Kasım Yıldız

Personal information
- Date of birth: 10 October 1980 (age 45)
- Place of birth: Sorgun, Yozgat, Turkey
- Height: 1.72 m (5 ft 8 in)
- Position: Midfielder

Senior career*
- Years: Team / Apps / (Gls)
- 1998–2002: Metz B
- 2001–2002: Metz / 4 / (0)
- 2002–2003: FC Martigues
- 2005: AC Allianssi / 11 / (0)
- 2006–2011: CSO Amnéville / 60 / (0)
- 2011–2015: Swift Hesperange

= Kasım Yıldız =

Turkish footballer (born 1980)

Kasım Yıldız (born 10 October 1980) is a Turkish former professional footballer who played as a midfielder.

== Career ==
Yıldız was born in Sorgun, Yozgat, Turkey.

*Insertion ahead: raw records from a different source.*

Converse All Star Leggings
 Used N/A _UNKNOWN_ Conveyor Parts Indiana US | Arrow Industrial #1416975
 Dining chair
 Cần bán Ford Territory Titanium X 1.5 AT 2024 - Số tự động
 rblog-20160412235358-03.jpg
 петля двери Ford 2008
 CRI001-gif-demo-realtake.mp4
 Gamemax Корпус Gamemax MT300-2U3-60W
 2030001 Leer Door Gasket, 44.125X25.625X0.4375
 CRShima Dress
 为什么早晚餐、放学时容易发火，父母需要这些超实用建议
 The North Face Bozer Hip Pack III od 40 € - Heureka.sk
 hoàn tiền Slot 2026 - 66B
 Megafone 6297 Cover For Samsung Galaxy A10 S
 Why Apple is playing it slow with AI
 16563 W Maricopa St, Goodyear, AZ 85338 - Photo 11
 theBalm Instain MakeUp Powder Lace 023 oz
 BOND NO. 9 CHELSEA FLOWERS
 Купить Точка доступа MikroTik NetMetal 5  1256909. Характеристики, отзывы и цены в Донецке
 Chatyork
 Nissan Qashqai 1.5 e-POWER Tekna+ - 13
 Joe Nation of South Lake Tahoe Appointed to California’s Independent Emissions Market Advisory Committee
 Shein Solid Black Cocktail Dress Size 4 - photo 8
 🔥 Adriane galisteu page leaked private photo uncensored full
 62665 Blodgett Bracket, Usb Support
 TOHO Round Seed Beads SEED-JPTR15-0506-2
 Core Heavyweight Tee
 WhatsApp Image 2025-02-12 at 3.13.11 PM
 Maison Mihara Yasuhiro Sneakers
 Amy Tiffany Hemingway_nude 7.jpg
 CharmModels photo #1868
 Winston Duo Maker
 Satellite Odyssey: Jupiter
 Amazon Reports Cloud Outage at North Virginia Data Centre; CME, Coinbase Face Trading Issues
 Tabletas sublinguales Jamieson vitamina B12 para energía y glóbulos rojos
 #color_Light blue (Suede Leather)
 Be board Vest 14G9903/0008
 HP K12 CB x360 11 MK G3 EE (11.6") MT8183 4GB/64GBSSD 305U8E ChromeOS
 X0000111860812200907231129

He made his professional debut in Ligue 1 for FC Metz. He played in the 2005–06 UEFA Cup for Finnish club AC Allianssi. In 2006 he signed with Championnat de France amateur side CSO Amnéville.

In June 2011, Yıldız moved to Luxembourg joining FC Swift Hesperange.

In January 2015, having retired from professional football, he joined Division d'Honneur side Trémery.